Önce “Cesaret” ile başlayalım...
Kemal Kılıçdaroğlu yıllardır AKP’li Cumhurbaşkanı’na hangi çağrıyı yapıyordu?..
-İstediğin televizyonda karşıma çık! Hodri meydan; İstersen adamlarını da al gel!..
Yıllar boyu Erdoğan bu çağrıları kulak ardı etti. Bırakın Kılıçdaroğlu’nun karşısına çıkmayı, muhalif gazetecileri bile basın toplantılarına  almadı!.. Kızdığı yayın organlarının muhabirlerinin akreditasyonlarını dahi iptal ettirdi! Biz de hem köşelerimizde hem de televizyon ekranlarında bu anlayışı kıyasıya eleştirdik.
Uğur Dündar, Sözcü’deki köşesinde, kurultaydan bir gün önce son derece net, son derece anlamlı bir çağrıda bulundu:
-CHP içi demokrasiyi başta AKP olmak üzere iktidar cenahının gözüne sokmak, kamuoyuna “işte parti içinde de demokrasi anlayışımız budur “ mesajını vermek için başta genel başkan olmak üzere, CHP’nin 4 adayını Arena programında buluşmaya, tartışmaya davet etti...
Genel başkanlığa aday Muharrem İnce, Ümit Kocasakal ve Ömer Faruk Eminağaoğlu bu daveti hemen kabul ettiler. Ancak Kılıçdaroğlu cephesinden bir cevap dahi gelmedi, iyi mi!.. Davete bir “Evet” ya da “Hayır” yanıtı bile verilmedi!.. Söyler misiniz CHP 36. Kurultayı’na ismini veren cesaret, bu durumun neresine oturuyor?..
-Bu mudur o çok sözünü ettiğiniz cesaret?!.
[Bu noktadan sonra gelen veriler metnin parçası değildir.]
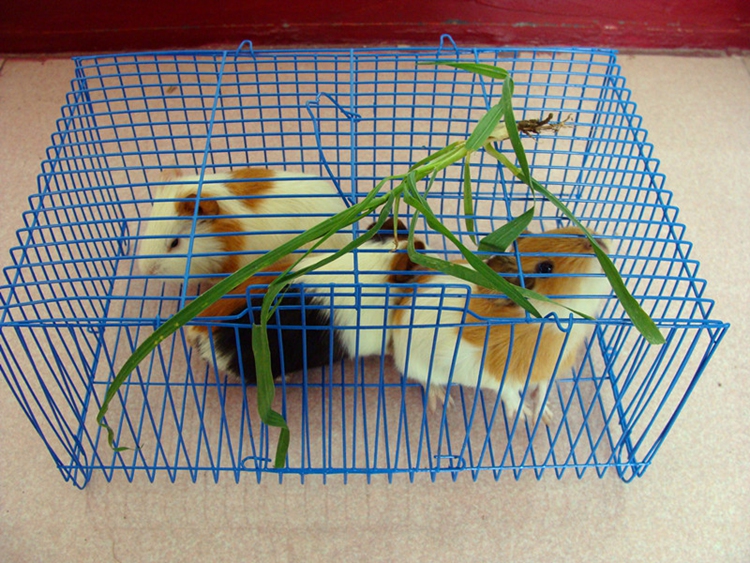 宠物运输笼 简易兔笼AT35松鼠鸟豚鼠龙猫运输笼 活体运输笼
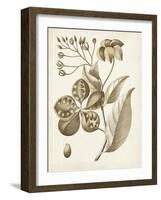 Ochre Botanical II-Vision Studio-Framed Art Print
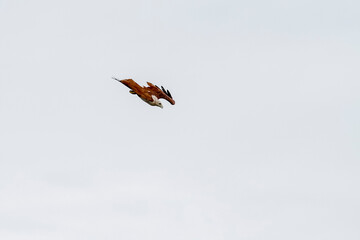 Red eagle fly on the sky in nature at thailand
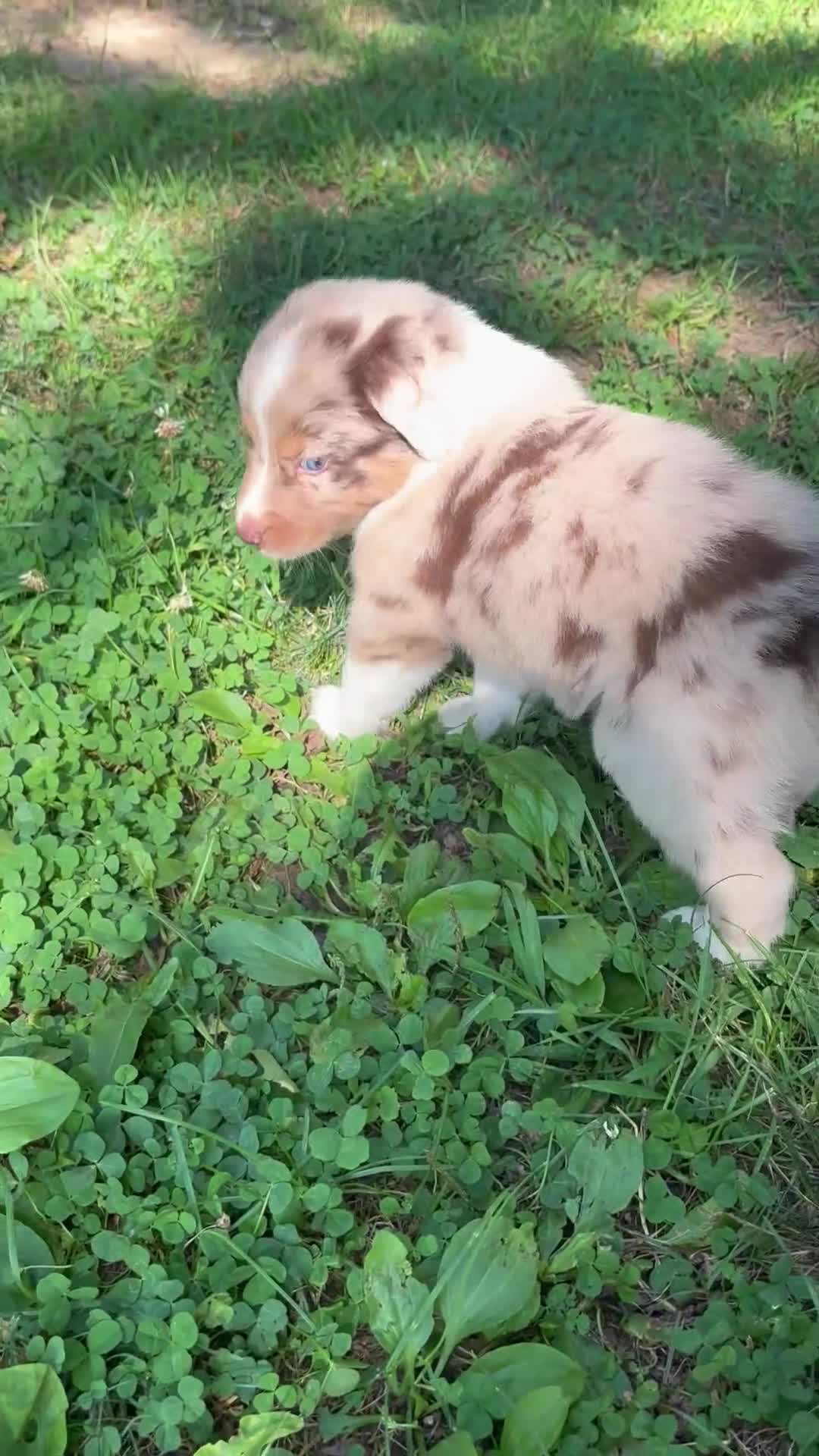 Australian Shepherd dogs for sale: Australian Shepherd 7 - Video 7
Adalet, komşu kızının adı mıdır?!.


Gelelim “Adalet” kısmına...
Siz ki, “Adalet yürüyüşü” yapıp Ankara’dan İstanbul’a yüzlerce kilometreyi on binlerle başlayıp, yüz binlerle tamamlamış, milyonlarla Adalet Mitingi yapmış bir partisiniz...
Çanakkale’de Adalet Kurultayı düzenleyip millete “Hak-Hukuk-Adalet” diye haykırmış bir partisiniz... Gerçi ardından kabuğuna çekilmiş, iktidarın OHAL ve KHK zulmü karşısında etkili bir tek eyleme imza atamamış bir partisiniz aynı zamanda!..
Yine de o yürüyüş ve mitingle Türk Milleti’nin adalet çığlığını dünyaya ilan etmiş, göstermiş bir partisiniz... Şimdi sormak istiyorum:
-O yürüyüş, o muhteşem miting, o Adalet Kurultayı mıydı gerçek olan, samimi olan?!..
Yoksa, toplumda ve tabanınızda kabaran hüzün ve öfke, 16 Nisan’da referandum akşamı gösterdiğiniz “cesaretsizliği” telafi etme çabası, on milyonlarca insanın “gazını alma” kurnazlığı mıydı?!.
-Aslında gerçek olan, kurultayda gösterdiğiniz “cingöz, çarıklı erkan-ı harp” yüzünüz müydü?!..
Adalet anlayışınız, iki adayı “delegede karşılığı yok” argümanıyla diskalifiye edip, salondan göndermek miydi?.. Acaba delegenin değil de tabanın oy kullanacağı bir seçim sonucu böyle mi olurdu?!.
Ardından, kendi kenti olan, o kentin Baro Başkanlığı’nı yapmış olan, buna karşın İstanbul’dan önseçime bile girmeden yönetimin iradesiyle milletvekili, genel başkan yardımcısı olan muhtereme arkalarından hakaret ettirmek, teneke çaldırmak mıydı o çok sığındığınız adalet?..
O, yurtseverliklerini, ağır baskılara, despotizme karşı yiğit duruşlarını defalarca ispatlamış başkan adaylarını bir ilerici-devrimci parti yönetimine yakışır şekilde ağırlasaydınız, birlikte oturup o dilinizden düşürmediğiniz “demokratik duruşu” gösterseydiniz, konuşmalarını bırakın engellemeyi, destekleseydiniz , delegeleri salonun ortasında adeta esir muamelesiyle basına bile konuşma izni vermeden bekletmeseydiniz adaletiniz mi incinirdi?..
-Bu mudur o pek fiyakayla söz ettiğiniz adalet?!.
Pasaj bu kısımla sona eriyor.